Get insights into the day-to-day challenges of builders. In this issue, Peter Reitz from our partner tecRacer talks about how to build Serverless ETL (extract, transform and load) pipelines with the help of Amazon Managed Workflows for Apache Airflow (MWAA) and Amazon Athena.

Builder's Diary

If you prefer a video or podcast instead of reading, here you go.

Do you prefer listening to a podcast episode over reading a blog post? Here you go!

What sparked your interest in cloud computing?

Computers have always held a great fascination for me. I taught myself how to program. That’s how I ended up working as a web developer during my economics studies. When I first stumbled upon Amazon Web Services, I was intrigued by the technology and wide variety of services.

How did you grow into the role of a cloud consultant?

After completing my economics degree, I was looking for a job. By chance, a job ad drew my attention to a vacancy for a cloud consultant at tecRacer. To be honest, my skills didn’t match the requirements very well. But because I found the topic exciting, I applied anyway. Right from the job interview, I felt right at home at tecRacer in Duisburg. Since I had no experience with AWS, there was a lot to learn within the first months. My first goal was to achieve the AWS Certified Solutions Architect - Associate certification. The entire team supported and motivated me during this intensive learning phase. After that, I joined a small team working on a project for one of our consulting clients. This allowed me to gain practical experience at a very early stage.

What does your day-to-day work as a cloud consultant at tecRacer look like?

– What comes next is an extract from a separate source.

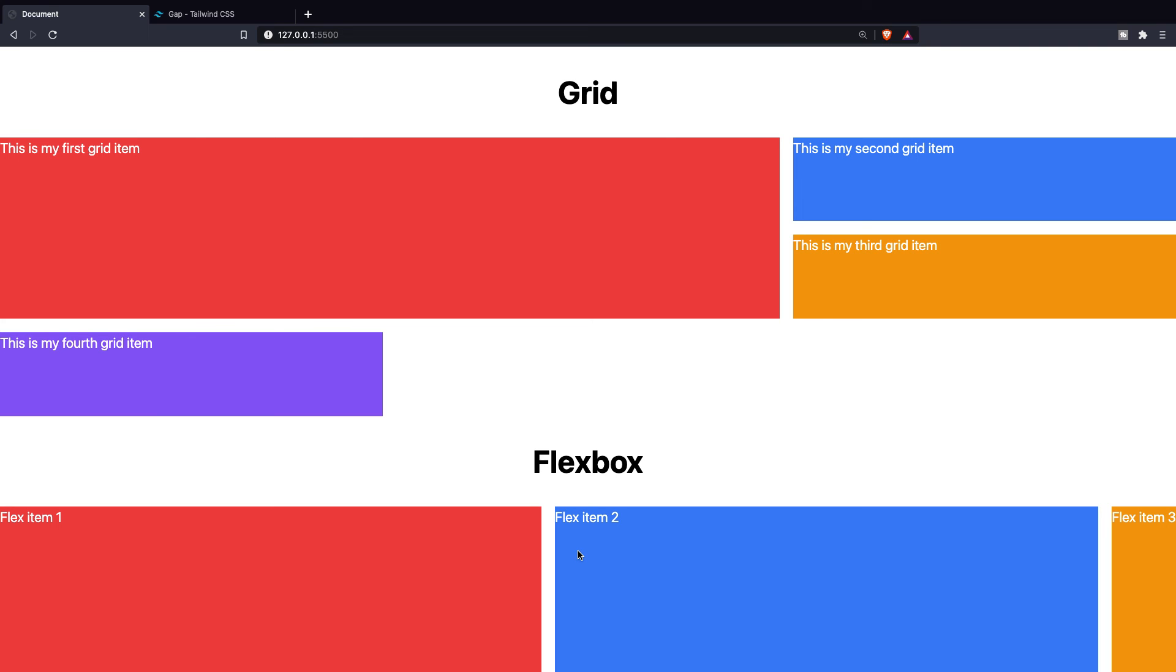This was it for this video where I showed you the basics of flexbox in Tailwind. If you do like my content and you want to see more, leave this video a thumbs up, and if you're new to this channel please hit that subscribe button.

As a cloud consultant, I work on projects for our clients. I specialize in machine learning and data analytics. Since tecRacer has a 100% focus on AWS, I invest in my knowledge of related AWS services like S3, Athena, EMR, SageMaker, and more. I work remotely or at our office in Hamburg and am at the customer’s site every now and then. For example, to analyze the requirements for a project in workshops.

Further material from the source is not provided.